Les tensions entre la France et la Côte d’Ivoire sont-elles définitivement apaisées? Voici une interrogation qui nourrit les débats de milliers de Français et d’Ivoiriens depuis la déclaration de Bernard Kouchner, le ministre français des Affaires étrangères, lors de son séjour le week end dernier au bord de la lagune Ebrié.

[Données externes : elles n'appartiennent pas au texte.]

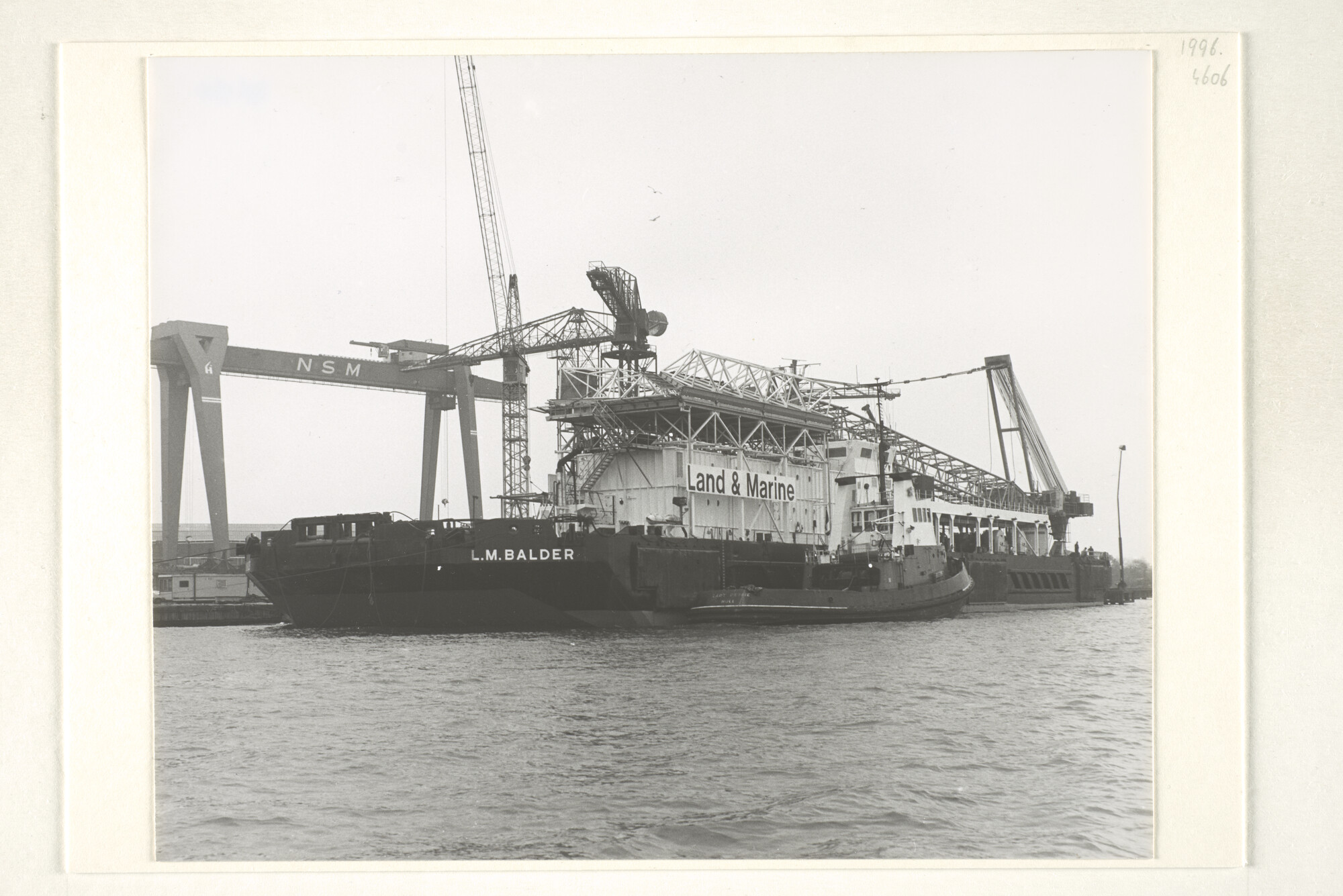 1996.4606; Het Britse offshorevaartuig 'L.M. Balder' van Land & Marine Engineering Co; foto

Notre correspondante à Abidjan
Bernard Kouchner a annoncé, lors d’une visite officielle en Côte d’Ivoire, que la page noire qui gelait les relations entre la France et la Côte d’Ivoire était tournée. Pour certains, cette déclaration est un grand pas de la France dans sa volonté de s’allier de nouveau à son « pré carré » ivoirien.
Cependant, Bernard Kouchner ne s’est pas arrêté à cette sortie purement diplomatique. Le ministre français s’est exprimé notamment sur l’avant dernière étape de l’Accord de Ouagadougou, pour coller avec l’actualité des populations ivoiriennes. Bernard Kouchner a en effet jeté un pavé dans la marre, en direction de l’Accord de Ouagadougou. « J’ai l’expérience du désarmement des anciens belligérants et des processus de paix. Je sais que cela prendra du temps et ne sera pas achevé pour la période électorale, concernant la Côte d’Ivoire. Il faut cependant que l’accès au bureau de vote soit assuré », a-t-il recommandé.

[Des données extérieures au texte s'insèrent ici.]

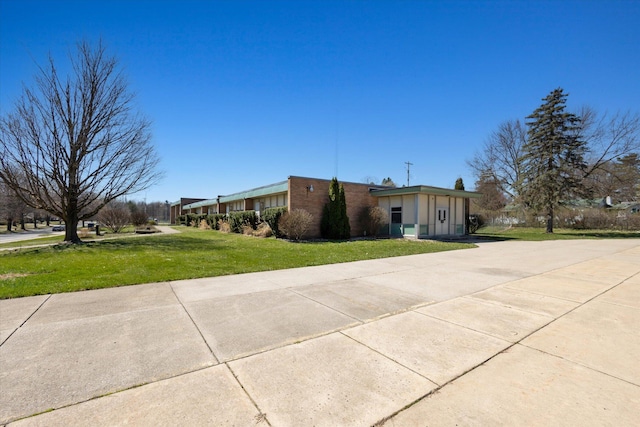 view of front of house with a front yard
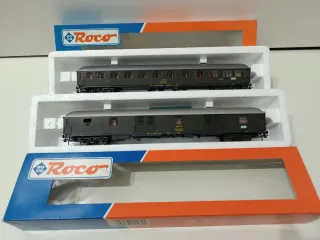 ROCO H0 44388 Coche 2ª + 44462 Paquetería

L’Accord de Ouagadougou dans la ligne de mire
Ce qui pourrait être vu comme du réalisme de la part du ministre français, a été pris, par certains Ivoiriens, comme un rejet de l’Accord de Ouagadougou. Au lieu d’apaiser, la visite de Bernard Kouchner aurait définitivement donné la position de la France sur ledit accord scellé par les Africains, pour les Africains, et sans la France, après l’avortement de plusieurs autres dont celui de Linas-Marcoussis soutenu par l’Hexagone.
La déclaration de Bernard Kouchner serait pour ainsi dire la matérialisation de ce que la France a toujours pensé de l’Accord de Ouagadougou depuis sa signature en Mars 2007. Pendant que tous regardent en direction de l’application à la lettre de cet Accord, le ministre français y aurait enlevé un crédit jusque là souhaité par le parti au pouvoir et les ex-rebelles.
En plus de cette dernière déclaration, qui a jeté de l’huile sur le feu, le diplomate a « refusé » de remettre la flotte ivoirienne sur pied. « La France ne pourrait définitivement tourner la page, pendant que la Côte d’Ivoire a encore la quasi totalité de sa flotte à terre, neutralisée par les éléments de la force Licorne », a rappelé un confrère ivoirien.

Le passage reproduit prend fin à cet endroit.